Astley Industrial Trust v Miller

-> Mercantile agent must have the goods as a mercantile agent; not in some other capacity A car was sold by a company that had a fleet of cars. The company primarily rented the cars out but occasionally sold them on. Owner of car gave car to the company in its capacity as a hire company NOT as a dealer in cars. The company then sold the car on even though it had no title to it. The mercantile agent argument was argued. It was held that when the company sold the car, it did not pass good title to a third party as it was not in possession in its capacity as a MA but as a hire company The Ct gave e.g.s of where this would operate: - Lending a car to a next door neighbour who went off and sold it - if you neighbour happened to be a motor dealer, you would not be bound by the sale as you had not given it to him as a dealer - Let your house out whilst on holiday and the lessee is an auctioner who sells it - again, not in the right capacity and not binding sale.

Paris v Goodwin

-> There must be consent to possession but if the mercantile agent gets possession of the goods by a trick or deception, it does not negate consent, provided the owner voluntarily handed the goods over Giving of cars to dealer to test the market with no consent to sell. Dealer acted fraudulently in obtaining the registration documents by saying the car needed minor repairs. Held that despite the dishonesty, there was still consent. The title accordingly went to the 3rd party because the material was voluntarily handed over and that was determinative.

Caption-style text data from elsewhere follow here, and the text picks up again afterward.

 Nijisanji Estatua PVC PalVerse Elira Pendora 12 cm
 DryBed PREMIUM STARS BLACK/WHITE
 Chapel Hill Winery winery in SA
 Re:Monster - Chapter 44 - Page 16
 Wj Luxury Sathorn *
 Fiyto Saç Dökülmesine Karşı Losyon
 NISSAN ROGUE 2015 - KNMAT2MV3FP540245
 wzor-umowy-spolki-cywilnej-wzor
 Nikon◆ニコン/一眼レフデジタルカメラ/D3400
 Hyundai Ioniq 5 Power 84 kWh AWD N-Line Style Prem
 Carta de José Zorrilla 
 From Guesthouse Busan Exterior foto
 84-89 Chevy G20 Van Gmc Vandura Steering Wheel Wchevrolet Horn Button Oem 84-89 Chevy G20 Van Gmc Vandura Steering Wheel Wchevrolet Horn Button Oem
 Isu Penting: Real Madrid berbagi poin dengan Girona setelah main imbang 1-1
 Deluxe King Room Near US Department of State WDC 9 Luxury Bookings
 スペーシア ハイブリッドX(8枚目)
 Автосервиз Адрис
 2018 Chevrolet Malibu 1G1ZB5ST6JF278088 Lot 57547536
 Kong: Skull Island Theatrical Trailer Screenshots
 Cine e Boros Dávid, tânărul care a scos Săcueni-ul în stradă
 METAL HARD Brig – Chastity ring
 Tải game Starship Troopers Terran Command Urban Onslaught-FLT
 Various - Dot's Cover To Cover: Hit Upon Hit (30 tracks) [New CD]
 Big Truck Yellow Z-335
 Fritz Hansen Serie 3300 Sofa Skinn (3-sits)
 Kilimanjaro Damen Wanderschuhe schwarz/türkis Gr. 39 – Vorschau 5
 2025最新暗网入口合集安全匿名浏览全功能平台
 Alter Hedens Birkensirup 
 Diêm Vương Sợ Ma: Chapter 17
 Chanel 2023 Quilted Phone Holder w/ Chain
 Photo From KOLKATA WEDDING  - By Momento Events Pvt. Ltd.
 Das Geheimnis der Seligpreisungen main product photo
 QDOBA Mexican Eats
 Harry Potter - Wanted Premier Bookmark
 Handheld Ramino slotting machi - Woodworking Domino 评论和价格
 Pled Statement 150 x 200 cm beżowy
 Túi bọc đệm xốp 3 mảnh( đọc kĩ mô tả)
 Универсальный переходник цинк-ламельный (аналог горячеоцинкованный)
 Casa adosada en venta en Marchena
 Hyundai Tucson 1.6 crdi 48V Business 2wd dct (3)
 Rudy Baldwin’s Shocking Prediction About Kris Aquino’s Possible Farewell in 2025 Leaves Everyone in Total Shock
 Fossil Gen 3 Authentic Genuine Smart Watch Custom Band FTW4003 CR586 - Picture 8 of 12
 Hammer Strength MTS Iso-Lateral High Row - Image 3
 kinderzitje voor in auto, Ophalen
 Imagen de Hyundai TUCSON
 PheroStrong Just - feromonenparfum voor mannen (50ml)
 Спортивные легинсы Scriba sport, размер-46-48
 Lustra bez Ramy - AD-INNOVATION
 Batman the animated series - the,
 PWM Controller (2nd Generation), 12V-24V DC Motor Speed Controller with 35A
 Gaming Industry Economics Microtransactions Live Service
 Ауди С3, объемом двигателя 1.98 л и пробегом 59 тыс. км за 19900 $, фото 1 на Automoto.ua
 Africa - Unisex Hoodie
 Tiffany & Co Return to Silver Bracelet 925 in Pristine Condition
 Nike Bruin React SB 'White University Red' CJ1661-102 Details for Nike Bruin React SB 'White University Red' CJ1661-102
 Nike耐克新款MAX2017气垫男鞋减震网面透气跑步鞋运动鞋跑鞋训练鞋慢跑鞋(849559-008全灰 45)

The seller's right to sell

14(a) is concerned with the seller's ability to pass title. There is an implied condition that the seller has a right to sell. Because this is a condition, the buyer has the right to rescind the contract if this is not the case. The expression "right to sell" is not defined but it is clear that it does not require that the seller of the goods actually be the owner of them, only that the seller has the power to sell at the appropriate time.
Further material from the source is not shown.